In the past few decades the industry has been trying hard to avoid cash transaction but it has not much success. The last decade witnessed a tremendous sprouting of new units in Morbi, Thangadh and Himmatnagar regions and a lot of dealing was done in cash on a day to day basis.

With old Cash becoming worthless and lot of time lag in new currency being replaced, there will be a heavy cash crunch situation in the nation. With a lot of illegal money being wiped out, it will be near impossible to replace that cash. Smarter well managed units will bounce back faster, but as the whole eco system will be effected, it will be difficult for the most prudent to get back on track.

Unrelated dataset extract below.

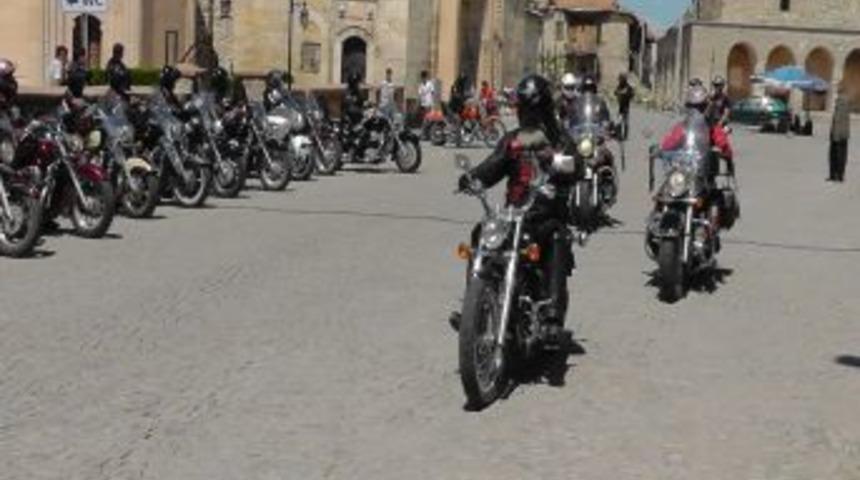 Motosiklet Tutkunları "trafikte Farkındalık" İ&ccedil;in Yollarda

At present, the industry is already crippled by severe liquidity crunch. A survey was conducted in the Morbi region of Gujrat where sixty percent of the units said they have already stopped production and 20% are preparing to do so. Out of the 700 small and big units, 500 had closed shop by the end of November.

Most of the labor comes from outside Gujrat are largely illiterate and do not even have bank accounts. Even those few who have, do not know how to operate it. They are used to a cash payment only and have to face a challenge. With no cash, most of the units are unable to pay salaries. While some of them have made effects to open bank accounts faster and educate their laborers. It is near impossible task to support all.

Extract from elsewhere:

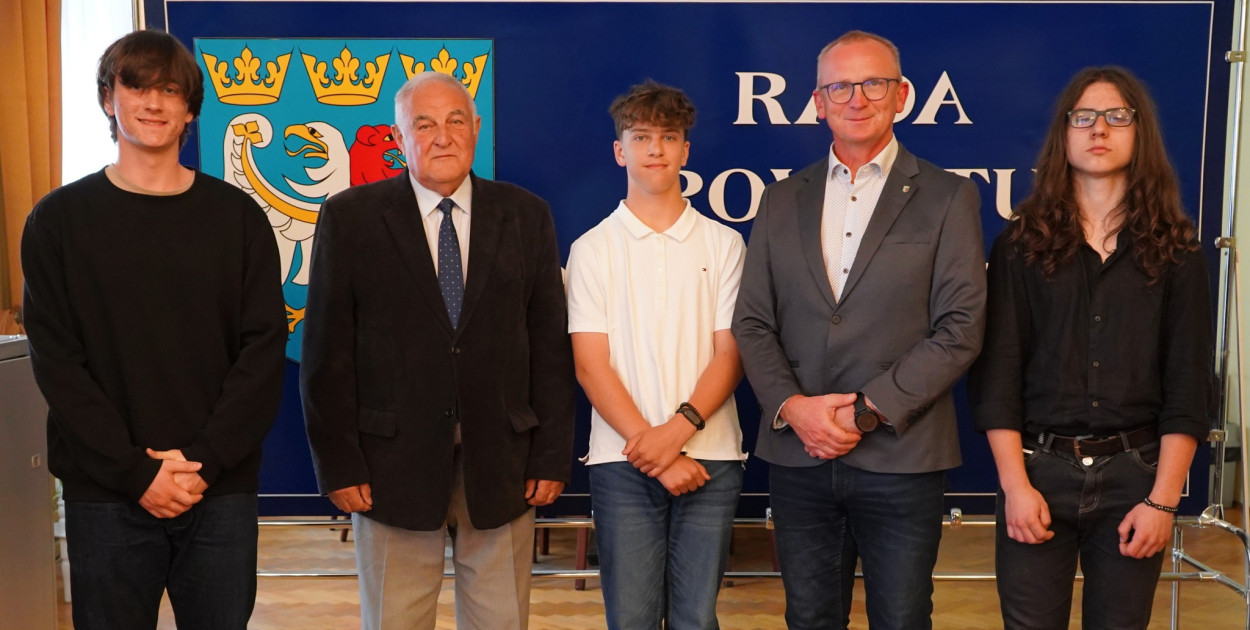 foto: Starostwo Powiatowe. Zwycięzcy konkursu wraz ze starostą Arkadiuszem Jaksą oraz  kapitanem Krzysztofem Grzegorkiem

Another major hurdle for the ceramic units is transportation. More than 400 trucks of various sizes supply material and carry out nationwide delivery of products. All of them rely heavily on cash payments. With severe cash crunch, many of them have already stopped the wheels rolling. Many of these transport vehicles travel as far as Nepal, Meghalaya, Kerala, Tamil Nadu and Kashmir. Some of them are on road for more than 15-20 days. It is nearly impossible for them to travel all the way without cash. If the transportation stops, even the best managed companies cannot dispatch or receive raw material, leading to stop production.

Like in all industries and product based sectors, domino effect will be seen in every element of the eco system. When a single element shuts down it slows down its suppliers as well as customers, leading to the total chain coming down.

This phenomenon had its effects within 20 days of demonetization. Some of the units will have difficult times, getting back to normalcy.